The editorial did not make any reference to the 1908 raid that led to the complete disappearance of the African American community.
Assessments and apologies
Across the nation, newspapers have conducted internal examinations and apologized for their racist coverage. In Kentucky, some newspapers responded to the Howard Center’s questions about their coverage of the 1908 reign of terror in Western Kentucky. Others didn’t.
Lexington Herald-Leader executive editor and general manager Peter Baniak said he wasn’t aware of how the newspaper covered lynchings in Western Kentucky. The newspaper did issue a front-page clarification in 2004 acknowledging its failure to cover the civil rights movement in Lexington. It updated the clarification in 2018.
Opinion columnist Linda Blackford, who wrote about the newspaper’s civil rights coverage, wasn’t surprised that the Herald and Leader spread rumors about the lynching of four Black men in Russellville.
“Newspapers were agents of the establishment back then,‘‘ she said. “I don’t think the Herald or the Leader represented the views of anyone but white people.”
Blackford said the impact of how newspapers covered or did not cover lynchings and the civil rights movement was “huge.”

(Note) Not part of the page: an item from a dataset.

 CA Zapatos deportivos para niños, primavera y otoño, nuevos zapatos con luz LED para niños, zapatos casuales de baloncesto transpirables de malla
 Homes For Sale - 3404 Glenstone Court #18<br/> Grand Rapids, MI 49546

“It nullified violence against Black people, and it justified basically terrorism,” she said
The newspaper is open to looking into previous coverage, Baniak said, citing the editorial board’s recent apology to a woman who integrated the Lexington public schools.

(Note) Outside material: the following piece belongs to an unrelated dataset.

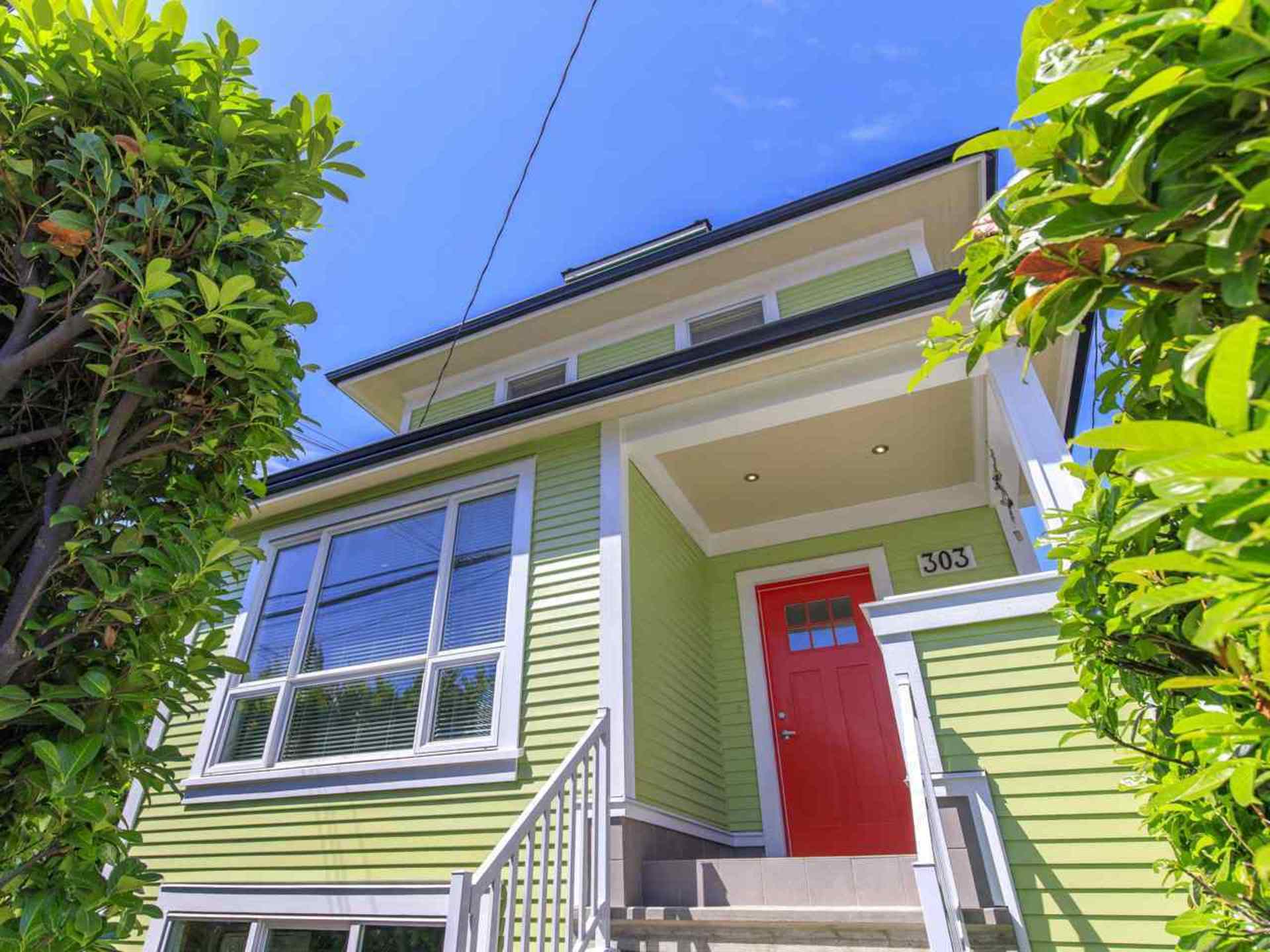 303-e-king-edward-avenue-main-vancouver-east-02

Some policies have also changed. Mugshots are no longer used as a matter of routine, and this year the newspaper started The Clean Slate, a pilot project that gives people who were arrested an opportunity to have stories about them re-examined and, in some cases, eliminated from the newspaper’s website.

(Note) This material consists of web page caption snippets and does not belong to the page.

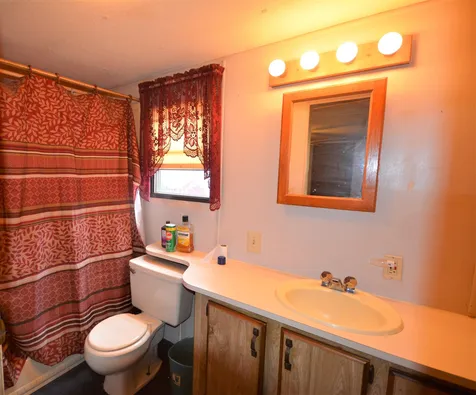 12 Birch Place Plymouth NH 03264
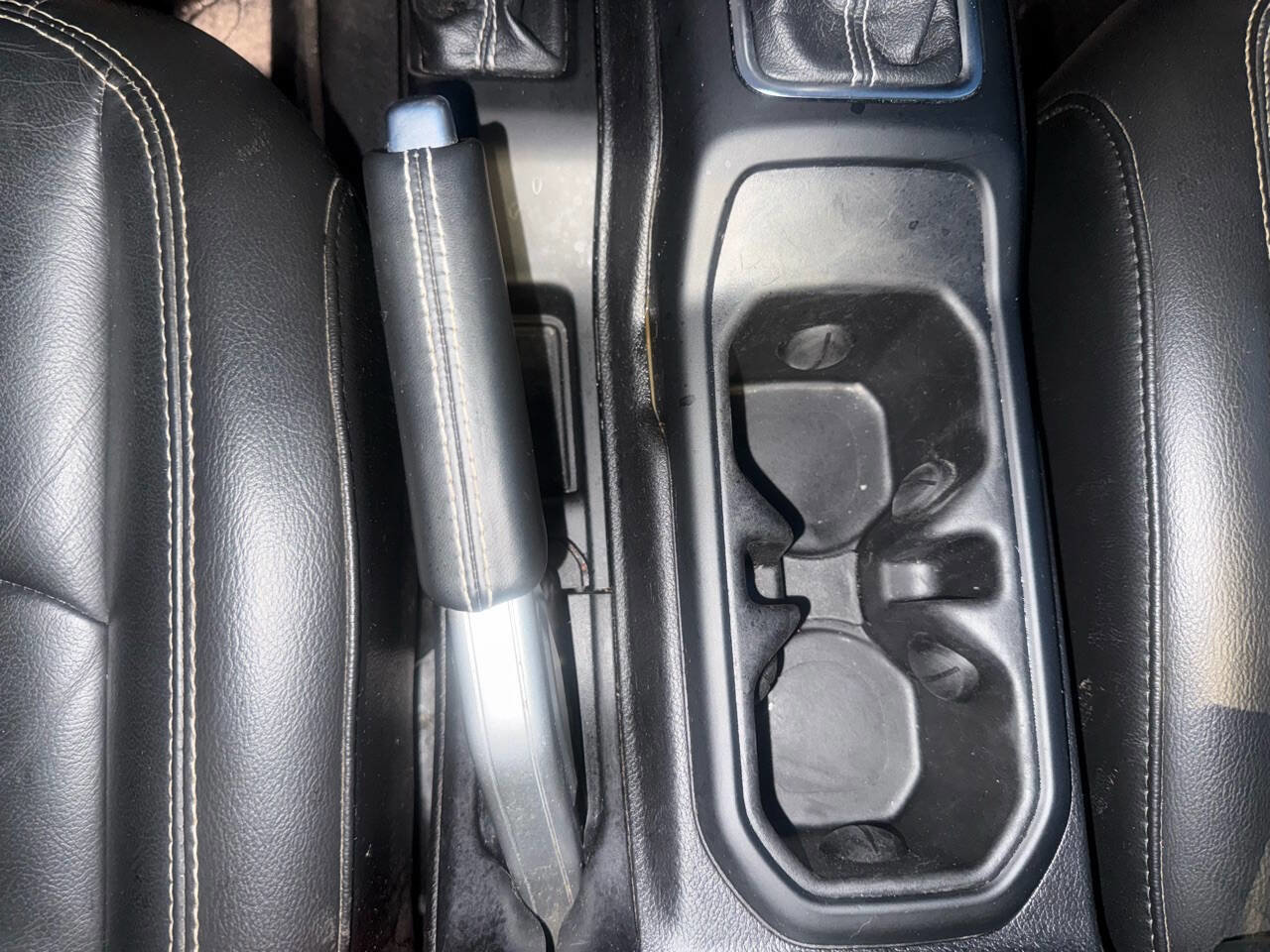 Used 2020 Jeep Gladiator Overland w/ Cold Weather Group AWD/4WD image 41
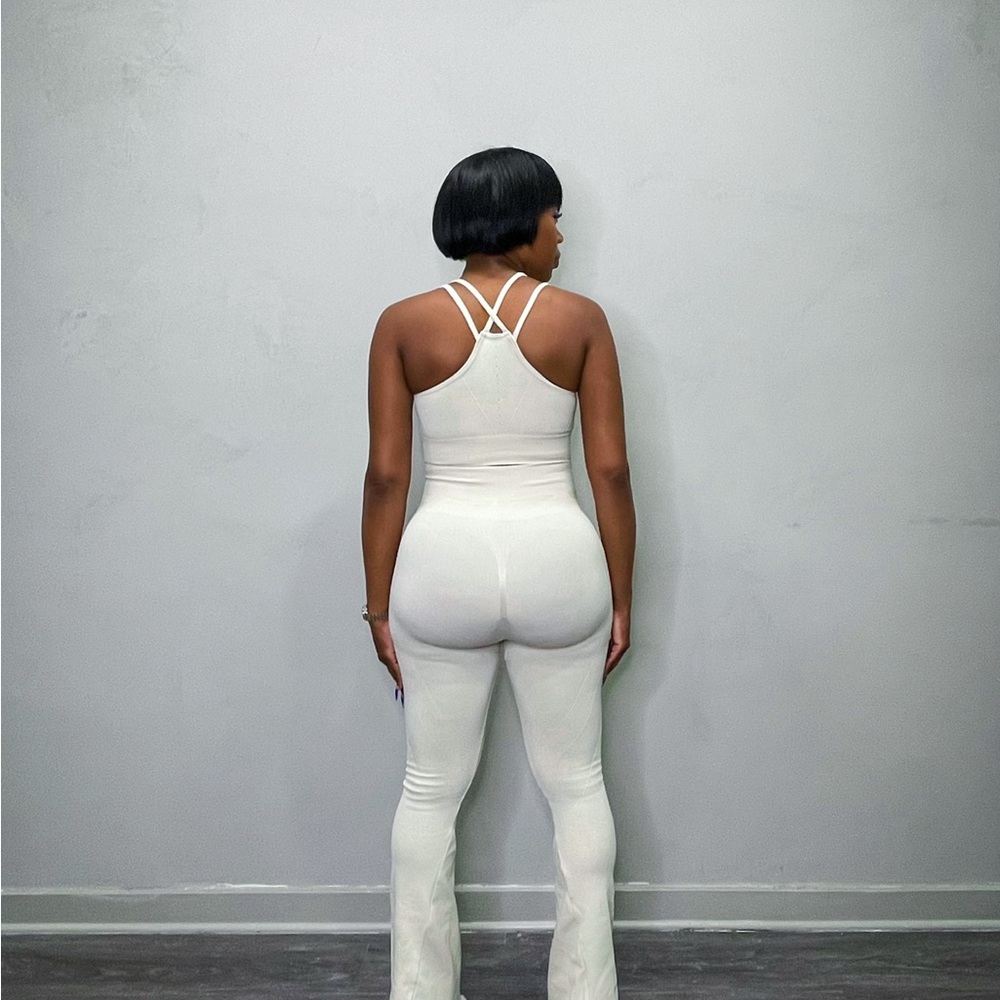 Snatched Flared Set - Picture 3 of 5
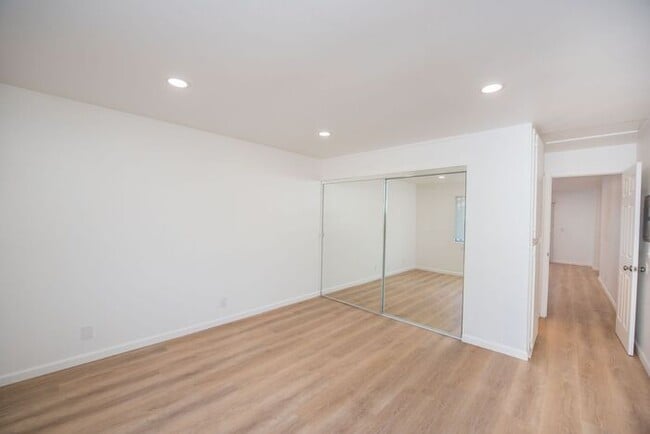 Building Photo - Newly Remodeled Upstairs Unit!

The newspaper pays community members once a month to write opinion pieces about race, justice and education. However, diversity in its reporting staff is still a concern, Baniak said. The staff is 92% white, with 8% identifying as other races and ethnicities.
The Courier-Journal, the largest newspaper in Kentucky, decided to confront its past more than a year after Breonna Taylor’s death at the hands of Louisville police officers on March 13, 2020.
“We found the newspaper had a mixed record on race that depended largely on the era under review, reporter Andrew Wolfson wrote in a June 3, 2021, story.
The Bingham family, who owned The Courier-Journal from 1918 to 1986, issued an apology saying its shortcomings harmed Black lives and extended white supremacy in the community.
“We take responsibility for our harmful actions as individuals and for the actions taken by these companies. We are sorry and we offer our apology with our whole hearts,” the Bingham family wrote.
“Our constant refrain was ‘go slow,’ ‘don’t ask for too much at once,’ ‘don’t you see we’re trying to help you?’ and more of the like,” said historian Emily Bingham and her aunt, Eleanor Bingham Miller.
The Current and The Paducah Sun did not respond to the Howard Center’s requests for comment.
The Courier-Journal’s assessment did not resonate with Wright, the historian. “What happens in our society is that there are many instances of whites turning around and applauding themselves or other whites for doing the right thing only when forced to and when having no other choices in the matter,” he said.
Morrow, the SEEK Museum director, said apologies might not have the effect now they would have in the 19th century.
The real reckoning has yet to come, said Betty Baye, who spent 27 years as a reporter, editor and columnist for the Courier-Journal and is now a researcher for the University of Kentucky’s Civil Rights Hall of Fame Oral History Project.
“There seems to be no rest for the weary,” she said. “Each generation has to march, each generation has to protest because every time it looks like we are trying to get somewhere, there is some kind of movement that is against it.”